Máirtín Coilféir is an Assistant Professor of the Irish Language at Concordia University’s School of Irish Studies. His first monograph, Titley (2019), examines the work of the foremost contemporary writer of the Irish language and was shortlisted for the Oireachtas Book of the Year award. He is currently working on a research project on the ethics and the internationality of translation in minority languages, with a focus on Irish.

Who is your favourite academic? Alan Titley, a professor emeritus of the Irish language and a creative genius with an ethical wisdom. He does it all: writes novels, short stories, plays, poetry; fills a weekly column in a national newspaper; writes and presents TV programmes; he speaks on the radio; he’s taught on three continents and his takes on the troubles of our day are always worth listening to (even if you don’t agree with him).

What are you reading for work and/or for leisure these days? As usual, I have too many books on the go for my own good. For work it’s the latest volume of COMHARTaighde, an on-line academic journal; Margaret Sommerville’s The Ethical Imagination; and I always seem to be reading Dáithí Ó hÓgáin’s work on Irish folklore. For leisure it’s Rotha Mór an tSaoil [The Great Wheel of Life] by Micí Mac Gabhann, the graphic novels of Guy Delisle, and I just finished Ross O’Carroll-Kelly’s Normal Sheeple. Then there’s a kind of in-between category – interesting fiction and poetry that may or may not make it into my research programme. For that, I’m going back to turn-of-the-century adventure literature and their Irish translations: The Adventures of Jimmie Dale by Frank Packard; Kindred of the Wild by Charles Roberts; and Moondyne by John Boyle O’Reilly.
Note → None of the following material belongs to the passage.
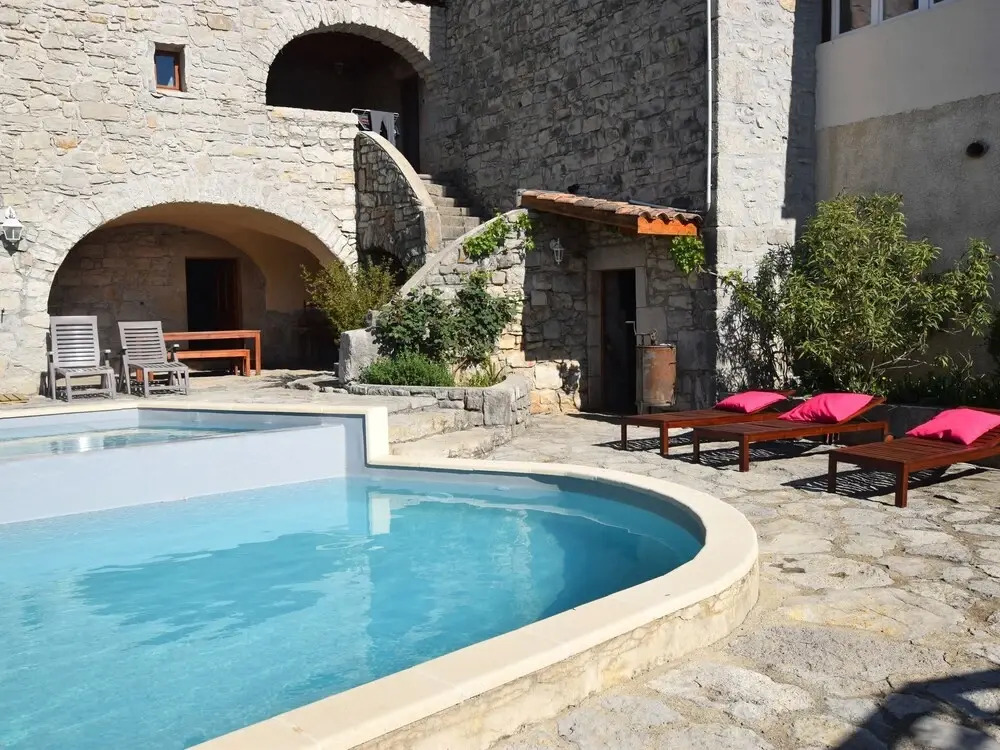 Vintage Holiday Home in Lanas With Swimming Pool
What podcast do you recommend? I’m not really up to speed on the podcast world but the two I listen to regularly are The Second Captains, which is a daily sport/current affairs podcast from Ireland, and BBC Radio Four’s In Our Time. Special mention goes to their episode on the evolution of the whale.

What is your favourite archive or library? Marsh’s Library is the oldest one in Dublin and my favourite one to visit. It’s a beautiful space to be in, and it still has the cages that scholars used to be locked in so that they couldn’t steal the books.

What book or movie changed your life? They all leave their mark, I hope, but Alan Titley’s An Fear Dána [The Man of Poetry/Daring] was the book that first showed me that literature in a minoritised language can be every bit as experimental and as powerful as the literature of more dominant tongues.

Do you play music while you work?  If so, what? I do, but I change it all the time. If I’m writing I can only listen to instrumental music, otherwise my essays will be full of early Elton John quotes. This week I’ve been listening to Interplay by Bill Evans and Jim Hall, a jazz album that I’ve come back to after years of forgetting.

What are your essential research tools/supplies and why? It’s hard to beat the pen, paper and table for sketching out research plans, hypotheses and first paragraphs. If I have an idea I want to pursue, typically I’ll go to the university’s library, find the shelves that hold books on the relevant area or thought, pull ten or twenty out onto a table and then just go for a “walk in the woods” through them all. As a first step I find it much more uplifting and productive than trawling through the on-line databases and (in my case) squinting at a screen.

What do you know now that you wish you had known at the beginning of your career/degree?

That the departmental administrator has thousands of times more answers than the wisest professor. That theory never properly fits the thing you need it for. That writing words you never actually say (“moreover”) is risky, especially for presentations. That trying to create a galaxy of interconnected references from everything you’ve ever read won’t work out, but the temptation will remain.

What is your favourite way to de-stress?

Being on the road, or on the trail. I really like long distance walking, landing in some place and then setting off in one direction for days or for weeks. When you’re near books, research has a way of completely consuming the mind so I try to make room for a different type of existence as often as I can.